Published April 18, 2022

Local Super-Resolution Transforms for Low-Resolution Images

Combined with the local implicit image function model and VCK5000, high-fidelity images can be captured at any resolution.

243

Local Super-Resolution Transforms for Low-Resolution Images

Things used in this project

Hardware components

AMD VCK5000 Versal Development Card

Raspberry Pi Camera Module

Software apps and online services

Snappy Ubuntu Core

AMD Vitis Unified Software Platform

MATLAB

Story

In our visual world, images appear before our eyes in consecutive frames. Then, during image processing, machines can often only store and present images in discrete frames. Images are usually stored in machines as two-dimensional arrays, but the complexity and precision of images are often governed by resolution. Furthermore, we often refer to distortions in which objects, images, sounds, waveforms, or other forms of information change their original shape (or other characteristics). And for this project, it's mostly about the high fidelity of the images that can be extracted at any resolution we want. When we look at a picture of an area of an image, we tend to see it by zooming in, but for low-resolution images it becomes blurry because when zooming in, when the resolution is too low, the stored numerical values in the computer The value of leads to the accuracy of the image. low, and remove some necessary or unnecessary pixel values (or features), so that the computer cannot display the features of the area in high-definition, which will cause a certain degree of distortion in the image or computer vision, and train an ideal neural network. For the network, we need to preprocess the images before training. This preprocessing reduces the resolution of all images in the dataset to images of the same size, which can reduce memory consumption. We then packaged and loaded the processed dataset into the network for training, but the computer caused a dramatic drop in image fidelity during processing. Therefore, we use the VCK5000 accelerated inference local implicit image function model to predict RGB values for the desired image resolution, so that we can take advantage of this accelerated model when capturing low-resolution images in low-resolution cameras or in dataset preprocessing, to obtain images of any resolution and size, while ensuring image fidelity or image accuracy.

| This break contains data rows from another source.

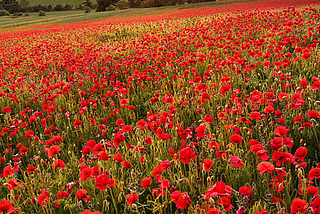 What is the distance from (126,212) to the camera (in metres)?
2.08

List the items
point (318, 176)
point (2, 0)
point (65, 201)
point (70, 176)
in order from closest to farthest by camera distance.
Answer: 1. point (318, 176)
2. point (65, 201)
3. point (70, 176)
4. point (2, 0)

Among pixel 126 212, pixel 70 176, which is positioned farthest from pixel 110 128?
pixel 126 212

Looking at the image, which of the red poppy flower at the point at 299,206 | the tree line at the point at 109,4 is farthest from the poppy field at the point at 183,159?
the tree line at the point at 109,4

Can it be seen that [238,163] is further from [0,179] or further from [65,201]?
[0,179]

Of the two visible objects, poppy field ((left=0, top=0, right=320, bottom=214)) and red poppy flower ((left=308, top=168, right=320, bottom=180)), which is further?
poppy field ((left=0, top=0, right=320, bottom=214))

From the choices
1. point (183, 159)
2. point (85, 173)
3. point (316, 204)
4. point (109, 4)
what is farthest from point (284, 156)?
point (109, 4)

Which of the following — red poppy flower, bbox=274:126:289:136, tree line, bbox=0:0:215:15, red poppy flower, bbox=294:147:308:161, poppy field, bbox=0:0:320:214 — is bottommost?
poppy field, bbox=0:0:320:214

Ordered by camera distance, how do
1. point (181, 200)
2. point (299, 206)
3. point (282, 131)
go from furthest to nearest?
point (282, 131) → point (181, 200) → point (299, 206)

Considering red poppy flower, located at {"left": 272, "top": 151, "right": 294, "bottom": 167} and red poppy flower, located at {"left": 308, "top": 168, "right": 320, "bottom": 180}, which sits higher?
red poppy flower, located at {"left": 272, "top": 151, "right": 294, "bottom": 167}

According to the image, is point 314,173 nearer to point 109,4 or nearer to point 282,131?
point 282,131

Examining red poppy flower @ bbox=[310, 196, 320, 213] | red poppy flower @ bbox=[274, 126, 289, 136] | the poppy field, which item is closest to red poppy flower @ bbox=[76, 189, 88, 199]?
the poppy field

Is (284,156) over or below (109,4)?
below

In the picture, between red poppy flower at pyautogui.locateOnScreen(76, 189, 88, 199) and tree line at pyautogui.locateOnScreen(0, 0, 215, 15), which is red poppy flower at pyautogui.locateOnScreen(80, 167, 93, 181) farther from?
tree line at pyautogui.locateOnScreen(0, 0, 215, 15)

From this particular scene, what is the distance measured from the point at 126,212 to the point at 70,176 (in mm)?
911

The steps for my project are as follows:

First, let me introduce the local implicit image function proposed by Yinbo Chen et al. It takes the pixel coordinates and pixel values of an image and the two-dimensional depth feature values of all coordinates of the image as input, and then queries the image according to the coordinate information. Local depth feature values near the coordinates, predict their local RGB values, and reconstruct a new resolution image as output.

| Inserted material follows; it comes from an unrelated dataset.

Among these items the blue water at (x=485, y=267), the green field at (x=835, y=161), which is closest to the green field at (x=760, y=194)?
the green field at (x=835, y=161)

Secondly, I will introduce the project operation framework of the devices and functions used. I use the functions provided by them to further combine the low-resolution Raspberry Pi CSI camera to take pictures, and then input the pictures taken by the camera into the local implicit image function model quantized by VCK5000, and at the same time accelerate the inference, and finally output the desired arbitrary High-resolution images, so as to solve the problem that low-cost low-resolution cameras cannot capture high-resolution images, reduce the cost of the camera's high-resolution sensor module, and help convert images to high-resolution images, effectively ensuring high image fidelity.

Finally, I will introduce the steps of how to obtain and generate pictures. I use the camera to save low-resolution pictures after shooting, combined with the self-made GUI interface human-computer interaction, input the resolution size of the picture you want into the size input box, and then put your image save path into the path box, and then click the "Generate" button to generate a picture of any resolution you want, and save the picture to the file path you specify.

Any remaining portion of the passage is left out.